** EXERCISE DIRECTIONS **
Retype all of the material exactly, leaving no line out.

+--

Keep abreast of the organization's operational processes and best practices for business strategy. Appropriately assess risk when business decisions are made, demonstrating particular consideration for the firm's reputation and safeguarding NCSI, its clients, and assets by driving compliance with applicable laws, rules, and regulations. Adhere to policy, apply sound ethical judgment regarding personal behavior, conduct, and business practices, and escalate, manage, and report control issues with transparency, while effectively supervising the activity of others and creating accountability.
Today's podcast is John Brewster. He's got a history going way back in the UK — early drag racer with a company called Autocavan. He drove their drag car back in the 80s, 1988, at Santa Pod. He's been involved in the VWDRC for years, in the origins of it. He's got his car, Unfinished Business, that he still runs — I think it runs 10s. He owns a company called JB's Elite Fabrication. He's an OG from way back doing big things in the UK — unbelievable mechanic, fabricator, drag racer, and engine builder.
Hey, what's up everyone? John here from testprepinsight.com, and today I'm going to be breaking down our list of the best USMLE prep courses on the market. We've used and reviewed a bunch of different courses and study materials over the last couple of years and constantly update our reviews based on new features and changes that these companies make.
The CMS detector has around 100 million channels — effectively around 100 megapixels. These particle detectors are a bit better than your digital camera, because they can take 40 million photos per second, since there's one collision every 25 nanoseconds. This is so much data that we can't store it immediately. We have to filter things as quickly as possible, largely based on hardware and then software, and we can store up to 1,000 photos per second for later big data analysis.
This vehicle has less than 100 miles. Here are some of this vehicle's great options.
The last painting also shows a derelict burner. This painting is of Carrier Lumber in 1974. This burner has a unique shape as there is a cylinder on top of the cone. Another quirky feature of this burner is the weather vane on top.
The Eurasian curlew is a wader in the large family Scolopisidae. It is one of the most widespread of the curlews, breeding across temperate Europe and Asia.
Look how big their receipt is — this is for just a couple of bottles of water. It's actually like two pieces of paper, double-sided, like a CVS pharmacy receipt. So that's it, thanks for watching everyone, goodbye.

+--

** COMPLETED TASK **
Keep abreast of the organization's operational processes and best practices for business strategy. Appropriately assess risk when business decisions are made, demonstrating particular consideration for the firm's reputation and safeguarding NCSI, its clients, and assets by driving compliance with applicable laws, rules, and regulations. Adhere to policy, apply sound ethical judgment regarding personal behavior, conduct, and business practices, and escalate, manage, and report control issues with transparency, while effectively supervising the activity of others and creating accountability.
Today's podcast is John Brewster. He's got a history going way back in the UK — early drag racer with a company called Autocavan. He drove their drag car back in the 80s, 1988, at Santa Pod. He's been involved in the VWDRC for years, in the origins of it. He's got his car, Unfinished Business, that he still runs — I think it runs 10s. He owns a company called JB's Elite Fabrication. He's an OG from way back doing big things in the UK — unbelievable mechanic, fabricator, drag racer, and engine builder.
Hey, what's up everyone? John here from testprepinsight.com, and today I'm going to be breaking down our list of the best USMLE prep courses on the market. We've used and reviewed a bunch of different courses and study materials over the last couple of years and constantly update our reviews based on new features and changes that these companies make.
The CMS detector has around 100 million channels — effectively around 100 megapixels. These particle detectors are a bit better than your digital camera, because they can take 40 million photos per second, since there's one collision every 25 nanoseconds. This is so much data that we can't store it immediately. We have to filter things as quickly as possible, largely based on hardware and then software, and we can store up to 1,000 photos per second for later big data analysis.
This vehicle has less than 100 miles. Here are some of this vehicle's great options.
The last painting also shows a derelict burner. This painting is of Carrier Lumber in 1974. This burner has a unique shape as there is a cylinder on top of the cone. Another quirky feature of this burner is the weather vane on top.
The Eurasian curlew is a wader in the large family Scolopisidae. It is one of the most widespread of the curlews, breeding across temperate Europe and Asia.
Look how big their receipt is — this is for just a couple of bottles of water. It's actually like two pieces of paper, double-sided, like a CVS pharmacy receipt. So that's it, thanks for watching everyone, goodbye.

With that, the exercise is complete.